TASK TO CARRY OUT
Within the listing below, please copy exactly the lines between the line holding "Lenovo 2 en" and the line holding "Linen tablecloth TC001", inclusive.

DATASET ENTRIES
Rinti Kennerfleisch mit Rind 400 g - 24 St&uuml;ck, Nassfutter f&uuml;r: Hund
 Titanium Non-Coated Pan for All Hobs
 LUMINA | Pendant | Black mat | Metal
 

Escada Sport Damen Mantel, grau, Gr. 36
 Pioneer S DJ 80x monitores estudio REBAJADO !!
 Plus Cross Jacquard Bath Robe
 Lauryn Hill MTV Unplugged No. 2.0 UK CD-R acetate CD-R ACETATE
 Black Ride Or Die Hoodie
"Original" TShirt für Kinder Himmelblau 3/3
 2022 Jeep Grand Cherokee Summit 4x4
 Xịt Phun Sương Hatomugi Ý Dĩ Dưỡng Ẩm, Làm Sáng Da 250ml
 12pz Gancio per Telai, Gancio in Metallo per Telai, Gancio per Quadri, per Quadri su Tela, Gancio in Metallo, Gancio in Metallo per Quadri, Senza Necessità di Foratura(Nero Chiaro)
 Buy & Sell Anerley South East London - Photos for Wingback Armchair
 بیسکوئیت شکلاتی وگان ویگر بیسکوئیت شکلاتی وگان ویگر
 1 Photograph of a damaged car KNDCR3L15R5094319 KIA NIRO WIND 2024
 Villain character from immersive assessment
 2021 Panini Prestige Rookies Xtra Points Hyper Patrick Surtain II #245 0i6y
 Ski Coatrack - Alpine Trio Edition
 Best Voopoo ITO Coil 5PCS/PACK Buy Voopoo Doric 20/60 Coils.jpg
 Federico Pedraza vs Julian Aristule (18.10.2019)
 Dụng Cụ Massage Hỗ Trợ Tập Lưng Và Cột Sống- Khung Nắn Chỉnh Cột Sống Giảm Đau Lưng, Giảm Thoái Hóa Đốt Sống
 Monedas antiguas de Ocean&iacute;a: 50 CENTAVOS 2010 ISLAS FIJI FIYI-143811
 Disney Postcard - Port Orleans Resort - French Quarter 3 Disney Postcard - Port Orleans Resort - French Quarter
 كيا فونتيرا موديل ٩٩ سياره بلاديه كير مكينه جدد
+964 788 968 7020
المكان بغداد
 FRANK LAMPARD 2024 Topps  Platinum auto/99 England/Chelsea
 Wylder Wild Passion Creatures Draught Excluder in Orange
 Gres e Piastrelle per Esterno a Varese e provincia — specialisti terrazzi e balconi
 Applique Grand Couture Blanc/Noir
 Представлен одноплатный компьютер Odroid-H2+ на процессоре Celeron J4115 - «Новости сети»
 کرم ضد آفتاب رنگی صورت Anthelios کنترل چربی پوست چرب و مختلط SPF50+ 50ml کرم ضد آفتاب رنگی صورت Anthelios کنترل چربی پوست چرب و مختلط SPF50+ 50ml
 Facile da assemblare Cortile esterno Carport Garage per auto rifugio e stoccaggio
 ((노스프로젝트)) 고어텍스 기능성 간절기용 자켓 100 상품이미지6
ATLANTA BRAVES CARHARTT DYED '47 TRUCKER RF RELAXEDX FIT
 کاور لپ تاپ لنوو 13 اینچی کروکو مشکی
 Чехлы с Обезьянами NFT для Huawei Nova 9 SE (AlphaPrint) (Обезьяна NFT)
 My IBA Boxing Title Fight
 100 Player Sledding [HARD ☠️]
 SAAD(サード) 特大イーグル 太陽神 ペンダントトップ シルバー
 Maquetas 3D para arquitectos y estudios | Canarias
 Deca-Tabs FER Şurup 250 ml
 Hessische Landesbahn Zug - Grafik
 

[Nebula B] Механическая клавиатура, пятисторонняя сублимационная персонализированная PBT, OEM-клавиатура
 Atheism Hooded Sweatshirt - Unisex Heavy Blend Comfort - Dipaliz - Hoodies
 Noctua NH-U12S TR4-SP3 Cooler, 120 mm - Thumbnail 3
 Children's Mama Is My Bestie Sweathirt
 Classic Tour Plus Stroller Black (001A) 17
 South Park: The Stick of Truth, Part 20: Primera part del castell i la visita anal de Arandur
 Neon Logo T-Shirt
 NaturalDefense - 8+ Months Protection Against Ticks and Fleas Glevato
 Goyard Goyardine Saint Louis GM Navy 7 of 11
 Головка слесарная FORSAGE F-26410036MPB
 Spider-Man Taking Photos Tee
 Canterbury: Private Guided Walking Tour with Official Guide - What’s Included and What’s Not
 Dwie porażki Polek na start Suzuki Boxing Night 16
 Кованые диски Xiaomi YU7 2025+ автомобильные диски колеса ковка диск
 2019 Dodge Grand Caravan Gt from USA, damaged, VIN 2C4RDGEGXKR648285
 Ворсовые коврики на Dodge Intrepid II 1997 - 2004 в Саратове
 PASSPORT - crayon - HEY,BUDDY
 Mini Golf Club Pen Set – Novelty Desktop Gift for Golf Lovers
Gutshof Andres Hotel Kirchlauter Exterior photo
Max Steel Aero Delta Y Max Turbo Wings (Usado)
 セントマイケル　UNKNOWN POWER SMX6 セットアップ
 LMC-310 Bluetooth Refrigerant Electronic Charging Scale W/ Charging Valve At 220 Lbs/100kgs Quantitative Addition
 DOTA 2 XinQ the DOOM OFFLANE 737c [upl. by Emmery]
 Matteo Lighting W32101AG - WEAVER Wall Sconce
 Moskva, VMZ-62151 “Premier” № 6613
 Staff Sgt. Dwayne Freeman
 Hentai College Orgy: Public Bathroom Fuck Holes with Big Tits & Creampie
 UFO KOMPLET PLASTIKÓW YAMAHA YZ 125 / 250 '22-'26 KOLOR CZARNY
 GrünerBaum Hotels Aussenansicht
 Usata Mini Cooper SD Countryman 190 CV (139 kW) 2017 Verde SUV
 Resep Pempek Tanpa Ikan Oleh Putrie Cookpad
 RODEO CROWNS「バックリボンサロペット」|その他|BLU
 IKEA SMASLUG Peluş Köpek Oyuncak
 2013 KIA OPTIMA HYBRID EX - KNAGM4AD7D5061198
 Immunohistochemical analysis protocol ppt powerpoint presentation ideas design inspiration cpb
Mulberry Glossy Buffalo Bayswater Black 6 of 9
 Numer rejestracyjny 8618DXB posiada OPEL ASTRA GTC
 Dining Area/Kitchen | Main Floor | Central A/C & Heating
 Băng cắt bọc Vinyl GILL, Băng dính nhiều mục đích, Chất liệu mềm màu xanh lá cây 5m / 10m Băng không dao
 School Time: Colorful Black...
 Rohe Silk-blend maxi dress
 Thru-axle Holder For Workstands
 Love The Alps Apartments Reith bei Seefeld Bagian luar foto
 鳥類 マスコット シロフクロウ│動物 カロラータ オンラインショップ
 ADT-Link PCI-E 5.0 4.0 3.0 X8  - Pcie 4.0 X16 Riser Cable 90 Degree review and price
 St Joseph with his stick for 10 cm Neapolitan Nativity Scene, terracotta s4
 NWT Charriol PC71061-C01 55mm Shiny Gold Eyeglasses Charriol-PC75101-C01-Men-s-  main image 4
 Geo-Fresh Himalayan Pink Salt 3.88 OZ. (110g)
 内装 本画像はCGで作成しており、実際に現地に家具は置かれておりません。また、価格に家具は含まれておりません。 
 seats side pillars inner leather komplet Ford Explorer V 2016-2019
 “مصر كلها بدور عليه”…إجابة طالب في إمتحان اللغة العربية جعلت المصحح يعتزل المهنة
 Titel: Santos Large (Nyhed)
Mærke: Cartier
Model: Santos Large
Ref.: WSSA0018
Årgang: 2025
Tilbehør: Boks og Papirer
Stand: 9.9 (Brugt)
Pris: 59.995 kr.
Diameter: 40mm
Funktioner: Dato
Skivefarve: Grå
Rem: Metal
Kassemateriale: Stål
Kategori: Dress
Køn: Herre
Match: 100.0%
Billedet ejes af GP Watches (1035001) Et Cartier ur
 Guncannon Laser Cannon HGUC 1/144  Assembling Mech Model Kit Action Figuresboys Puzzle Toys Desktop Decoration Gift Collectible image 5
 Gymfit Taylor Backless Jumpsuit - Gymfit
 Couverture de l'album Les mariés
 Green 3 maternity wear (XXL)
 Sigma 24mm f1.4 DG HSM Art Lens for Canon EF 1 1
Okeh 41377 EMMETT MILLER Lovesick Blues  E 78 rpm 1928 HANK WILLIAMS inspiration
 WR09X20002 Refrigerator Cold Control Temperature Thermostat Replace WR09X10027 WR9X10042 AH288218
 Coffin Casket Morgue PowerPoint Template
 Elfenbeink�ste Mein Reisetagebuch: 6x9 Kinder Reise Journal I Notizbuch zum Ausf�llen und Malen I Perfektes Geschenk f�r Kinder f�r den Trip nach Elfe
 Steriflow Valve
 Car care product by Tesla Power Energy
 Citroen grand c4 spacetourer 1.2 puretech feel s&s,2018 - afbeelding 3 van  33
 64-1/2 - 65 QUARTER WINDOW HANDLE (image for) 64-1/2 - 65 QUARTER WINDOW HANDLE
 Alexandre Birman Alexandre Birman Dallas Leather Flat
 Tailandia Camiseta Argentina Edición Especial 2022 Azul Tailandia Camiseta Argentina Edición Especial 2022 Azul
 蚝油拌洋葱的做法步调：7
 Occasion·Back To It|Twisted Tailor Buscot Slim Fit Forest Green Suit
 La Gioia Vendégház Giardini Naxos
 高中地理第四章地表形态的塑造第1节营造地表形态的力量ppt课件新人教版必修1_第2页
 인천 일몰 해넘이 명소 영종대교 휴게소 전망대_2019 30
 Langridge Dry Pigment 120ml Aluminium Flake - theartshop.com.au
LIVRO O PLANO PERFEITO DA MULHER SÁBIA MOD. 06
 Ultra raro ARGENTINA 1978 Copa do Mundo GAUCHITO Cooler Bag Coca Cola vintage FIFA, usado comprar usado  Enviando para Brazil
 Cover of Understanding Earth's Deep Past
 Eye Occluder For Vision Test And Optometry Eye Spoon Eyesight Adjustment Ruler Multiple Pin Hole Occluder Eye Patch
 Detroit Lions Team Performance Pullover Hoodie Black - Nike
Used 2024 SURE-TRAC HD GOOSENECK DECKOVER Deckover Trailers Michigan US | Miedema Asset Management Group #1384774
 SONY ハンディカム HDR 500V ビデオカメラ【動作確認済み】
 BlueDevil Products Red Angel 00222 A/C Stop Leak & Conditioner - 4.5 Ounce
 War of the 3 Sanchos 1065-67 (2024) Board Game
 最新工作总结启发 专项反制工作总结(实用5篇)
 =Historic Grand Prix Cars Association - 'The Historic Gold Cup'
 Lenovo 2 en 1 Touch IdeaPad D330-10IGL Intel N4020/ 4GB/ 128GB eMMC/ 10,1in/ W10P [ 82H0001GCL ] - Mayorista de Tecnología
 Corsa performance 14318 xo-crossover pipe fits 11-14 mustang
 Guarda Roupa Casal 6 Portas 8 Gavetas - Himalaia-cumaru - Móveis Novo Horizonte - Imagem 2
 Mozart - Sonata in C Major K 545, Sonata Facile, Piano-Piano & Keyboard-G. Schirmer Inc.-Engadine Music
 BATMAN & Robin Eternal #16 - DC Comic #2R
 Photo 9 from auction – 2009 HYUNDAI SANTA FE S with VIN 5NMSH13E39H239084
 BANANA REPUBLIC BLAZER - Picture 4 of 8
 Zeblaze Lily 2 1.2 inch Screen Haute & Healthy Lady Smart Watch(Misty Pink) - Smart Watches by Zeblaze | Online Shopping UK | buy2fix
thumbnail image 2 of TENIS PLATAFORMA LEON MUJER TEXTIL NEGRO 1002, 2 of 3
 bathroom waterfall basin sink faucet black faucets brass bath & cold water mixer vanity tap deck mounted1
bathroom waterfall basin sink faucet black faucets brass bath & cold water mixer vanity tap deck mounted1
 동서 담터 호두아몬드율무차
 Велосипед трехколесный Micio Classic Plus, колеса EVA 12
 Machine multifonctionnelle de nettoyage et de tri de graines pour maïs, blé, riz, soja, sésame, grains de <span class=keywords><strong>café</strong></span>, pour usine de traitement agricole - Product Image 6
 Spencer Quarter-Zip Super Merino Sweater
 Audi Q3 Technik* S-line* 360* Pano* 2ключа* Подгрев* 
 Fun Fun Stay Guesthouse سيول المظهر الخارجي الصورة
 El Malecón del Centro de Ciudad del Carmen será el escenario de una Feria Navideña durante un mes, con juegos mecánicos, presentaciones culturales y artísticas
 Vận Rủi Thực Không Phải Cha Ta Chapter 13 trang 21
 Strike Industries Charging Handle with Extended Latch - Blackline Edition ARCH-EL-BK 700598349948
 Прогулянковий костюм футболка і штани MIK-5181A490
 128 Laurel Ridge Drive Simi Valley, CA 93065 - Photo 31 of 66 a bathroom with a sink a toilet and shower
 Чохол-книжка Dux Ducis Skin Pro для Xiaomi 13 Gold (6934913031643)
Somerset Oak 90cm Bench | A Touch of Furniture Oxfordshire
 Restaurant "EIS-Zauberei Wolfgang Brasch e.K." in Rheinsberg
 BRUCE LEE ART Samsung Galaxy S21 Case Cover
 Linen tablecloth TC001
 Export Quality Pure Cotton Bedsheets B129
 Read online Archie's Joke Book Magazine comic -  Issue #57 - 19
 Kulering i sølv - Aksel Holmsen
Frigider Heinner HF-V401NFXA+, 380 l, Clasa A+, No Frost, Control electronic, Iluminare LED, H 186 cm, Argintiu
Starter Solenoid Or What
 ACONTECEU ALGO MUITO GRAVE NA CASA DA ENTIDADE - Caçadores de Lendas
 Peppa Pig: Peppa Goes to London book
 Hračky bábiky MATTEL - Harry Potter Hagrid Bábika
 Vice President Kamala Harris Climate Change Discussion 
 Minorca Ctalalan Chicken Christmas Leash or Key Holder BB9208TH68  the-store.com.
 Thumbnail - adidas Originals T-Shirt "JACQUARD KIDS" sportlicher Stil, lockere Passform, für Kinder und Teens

RESULT FOR THIS TASK
 Lenovo 2 en 1 Touch IdeaPad D330-10IGL Intel N4020/ 4GB/ 128GB eMMC/ 10,1in/ W10P [ 82H0001GCL ] - Mayorista de Tecnología
 Corsa performance 14318 xo-crossover pipe fits 11-14 mustang
 Guarda Roupa Casal 6 Portas 8 Gavetas - Himalaia-cumaru - Móveis Novo Horizonte - Imagem 2
 Mozart - Sonata in C Major K 545, Sonata Facile, Piano-Piano & Keyboard-G. Schirmer Inc.-Engadine Music
 BATMAN & Robin Eternal #16 - DC Comic #2R
 Photo 9 from auction – 2009 HYUNDAI SANTA FE S with VIN 5NMSH13E39H239084
 BANANA REPUBLIC BLAZER - Picture 4 of 8
 Zeblaze Lily 2 1.2 inch Screen Haute & Healthy Lady Smart Watch(Misty Pink) - Smart Watches by Zeblaze | Online Shopping UK | buy2fix
thumbnail image 2 of TENIS PLATAFORMA LEON MUJER TEXTIL NEGRO 1002, 2 of 3
 bathroom waterfall basin sink faucet black faucets brass bath & cold water mixer vanity tap deck mounted1
bathroom waterfall basin sink faucet black faucets brass bath & cold water mixer vanity tap deck mounted1
 동서 담터 호두아몬드율무차
 Велосипед трехколесный Micio Classic Plus, колеса EVA 12
 Machine multifonctionnelle de nettoyage et de tri de graines pour maïs, blé, riz, soja, sésame, grains de <span class=keywords><strong>café</strong></span>, pour usine de traitement agricole - Product Image 6
 Spencer Quarter-Zip Super Merino Sweater
 Audi Q3 Technik* S-line* 360* Pano* 2ключа* Подгрев* 
 Fun Fun Stay Guesthouse سيول المظهر الخارجي الصورة
 El Malecón del Centro de Ciudad del Carmen será el escenario de una Feria Navideña durante un mes, con juegos mecánicos, presentaciones culturales y artísticas
 Vận Rủi Thực Không Phải Cha Ta Chapter 13 trang 21
 Strike Industries Charging Handle with Extended Latch - Blackline Edition ARCH-EL-BK 700598349948
 Прогулянковий костюм футболка і штани MIK-5181A490
 128 Laurel Ridge Drive Simi Valley, CA 93065 - Photo 31 of 66 a bathroom with a sink a toilet and shower
 Чохол-книжка Dux Ducis Skin Pro для Xiaomi 13 Gold (6934913031643)
Somerset Oak 90cm Bench | A Touch of Furniture Oxfordshire
 Restaurant "EIS-Zauberei Wolfgang Brasch e.K." in Rheinsberg
 BRUCE LEE ART Samsung Galaxy S21 Case Cover
 Linen tablecloth TC001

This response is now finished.